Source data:
• • • • •

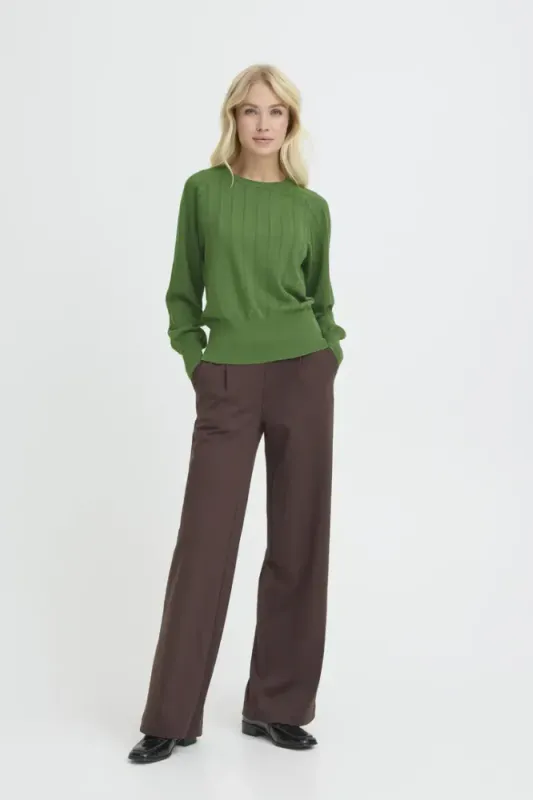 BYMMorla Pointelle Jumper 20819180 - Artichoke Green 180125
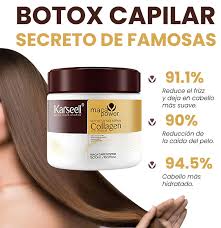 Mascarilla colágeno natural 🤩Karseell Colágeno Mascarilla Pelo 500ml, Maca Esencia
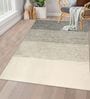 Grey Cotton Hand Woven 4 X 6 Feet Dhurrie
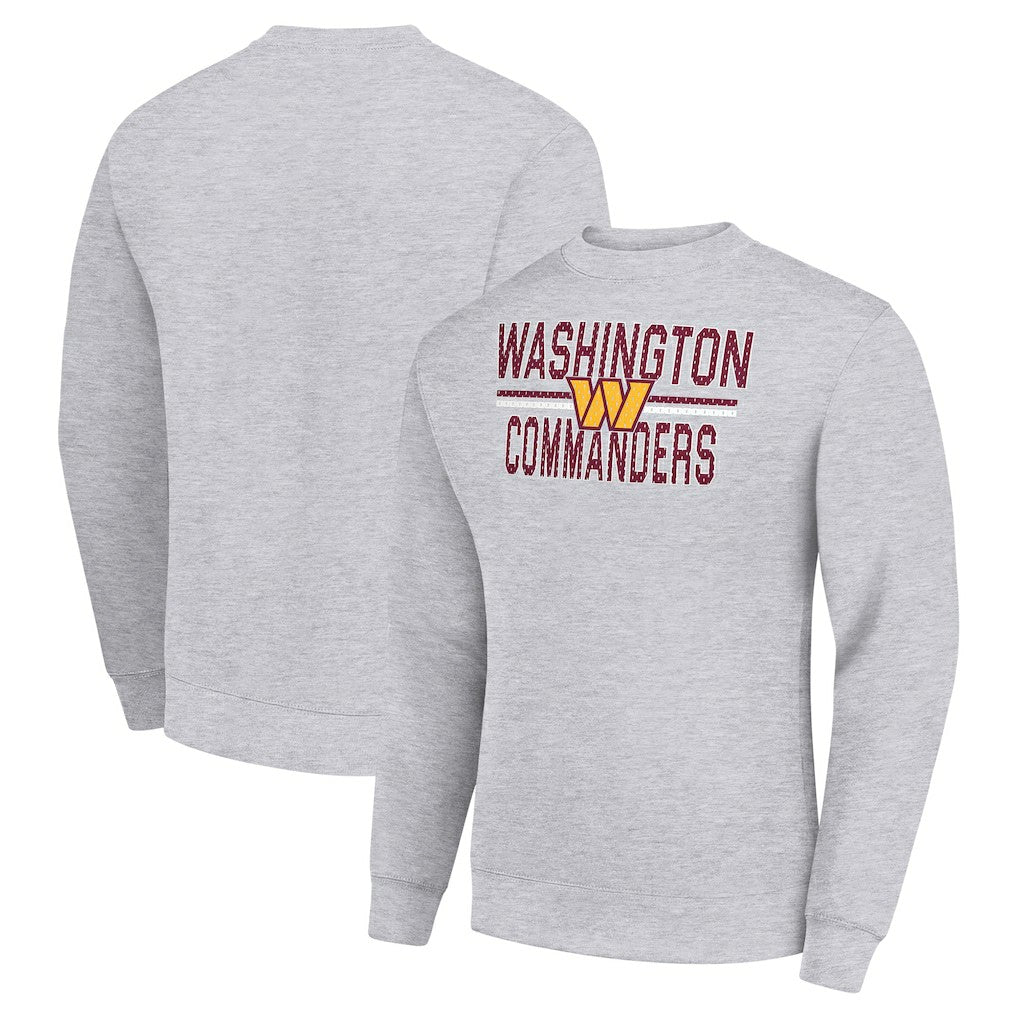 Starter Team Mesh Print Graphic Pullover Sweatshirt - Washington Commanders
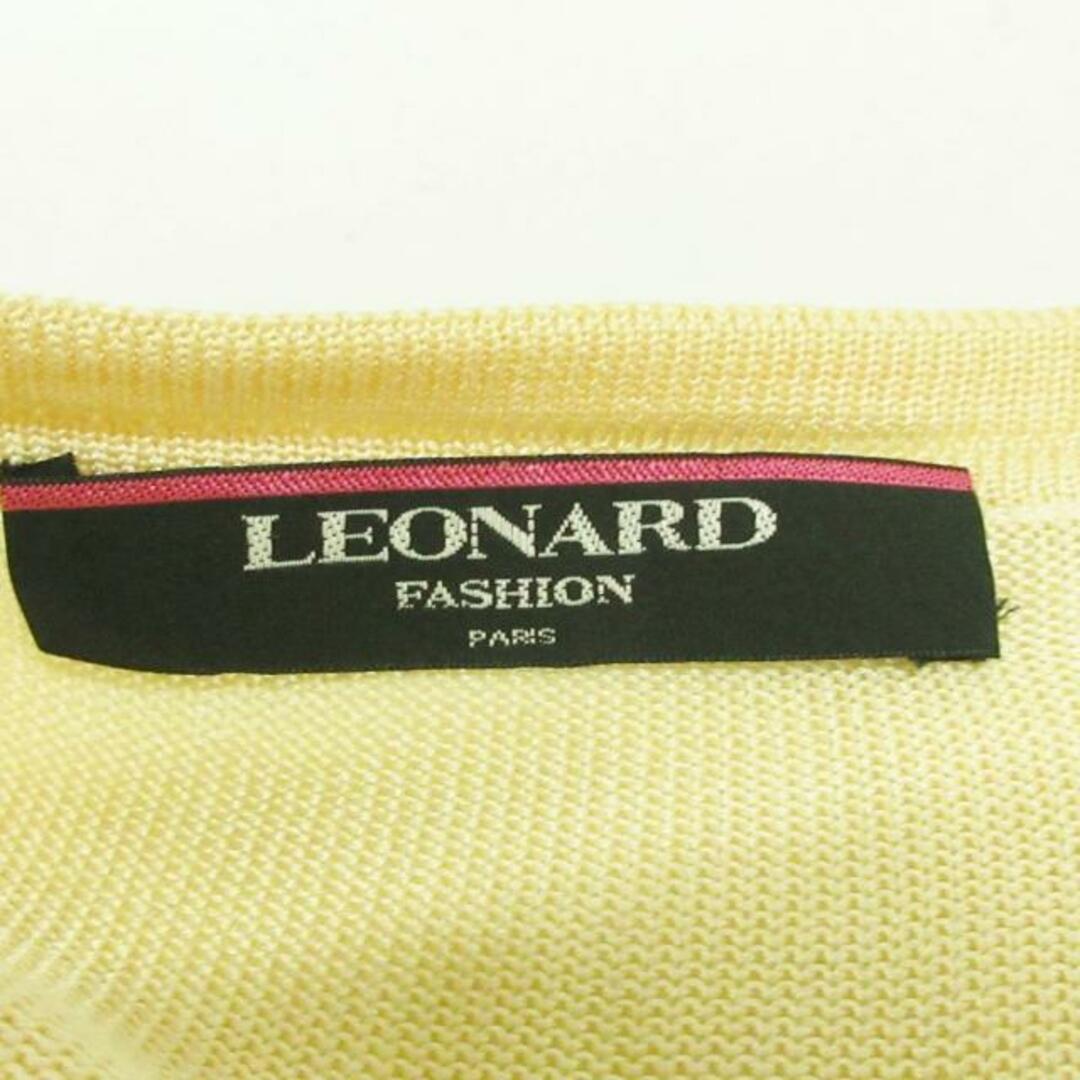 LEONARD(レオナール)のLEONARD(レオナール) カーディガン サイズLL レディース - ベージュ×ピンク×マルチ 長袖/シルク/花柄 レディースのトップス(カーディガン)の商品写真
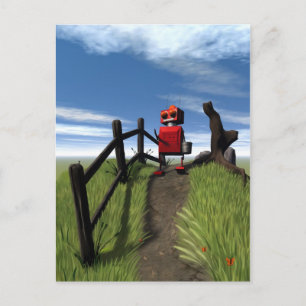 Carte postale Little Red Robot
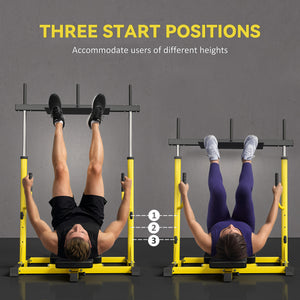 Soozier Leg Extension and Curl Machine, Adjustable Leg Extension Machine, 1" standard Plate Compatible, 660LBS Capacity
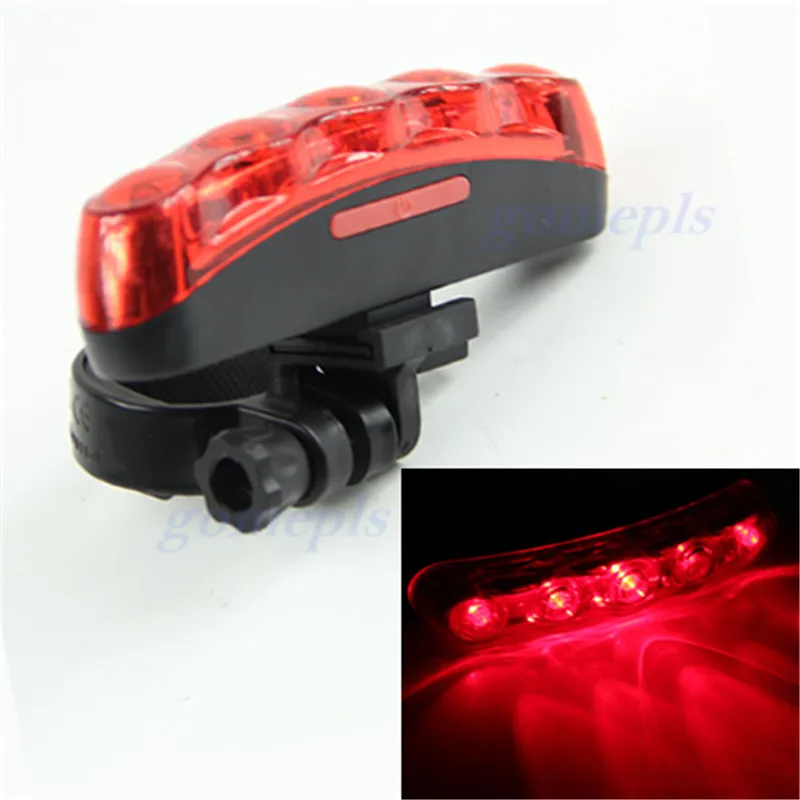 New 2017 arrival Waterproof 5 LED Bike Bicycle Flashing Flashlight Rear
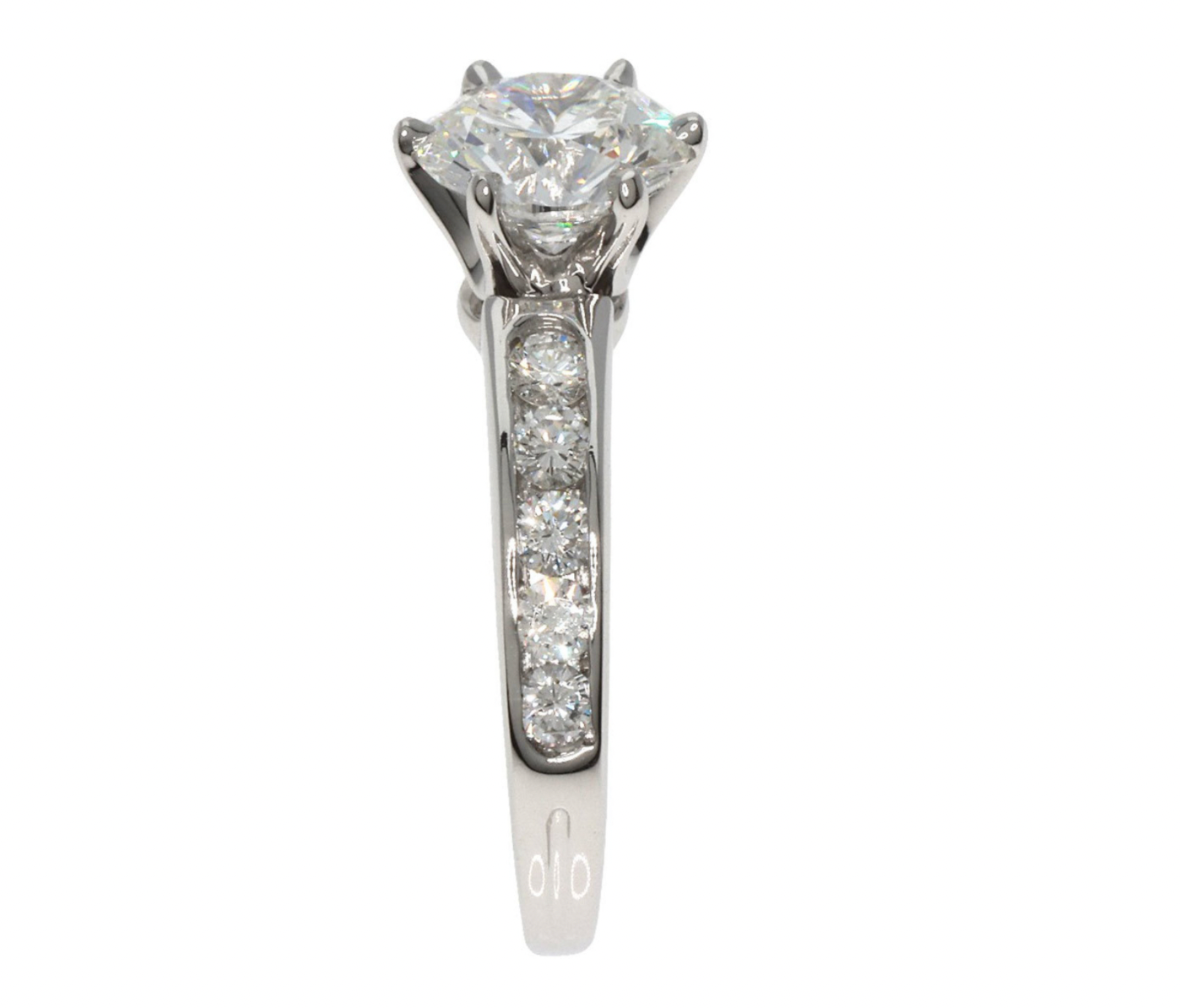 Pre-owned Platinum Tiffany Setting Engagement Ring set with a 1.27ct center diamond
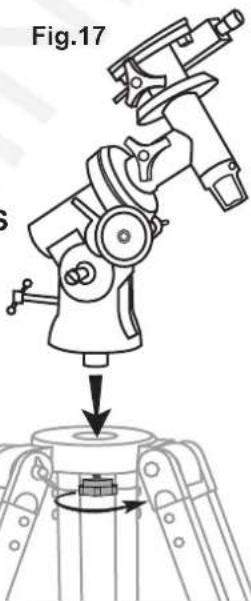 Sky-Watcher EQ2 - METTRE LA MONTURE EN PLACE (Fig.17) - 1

• • • • •

Exercise:
Leave out the images and copy all remaining data word for word.

Result of the exercise:
 BYMMorla Pointelle Jumper 20819180 - Artichoke Green 180125
 Mascarilla colágeno natural 🤩Karseell Colágeno Mascarilla Pelo 500ml, Maca Esencia
 Grey Cotton Hand Woven 4 X 6 Feet Dhurrie
 Starter Team Mesh Print Graphic Pullover Sweatshirt - Washington Commanders
 LEONARD(レオナール)のLEONARD(レオナール) カーディガン サイズLL レディース - ベージュ×ピンク×マルチ 長袖/シルク/花柄 レディースのトップス(カーディガン)の商品写真
 Carte postale Little Red Robot
 Soozier Leg Extension and Curl Machine, Adjustable Leg Extension Machine, 1" standard Plate Compatible, 660LBS Capacity
 New 2017 arrival Waterproof 5 LED Bike Bicycle Flashing Flashlight Rear
 Pre-owned Platinum Tiffany Setting Engagement Ring set with a 1.27ct center diamond
 Sky-Watcher EQ2 - METTRE LA MONTURE EN PLACE (Fig.17) - 1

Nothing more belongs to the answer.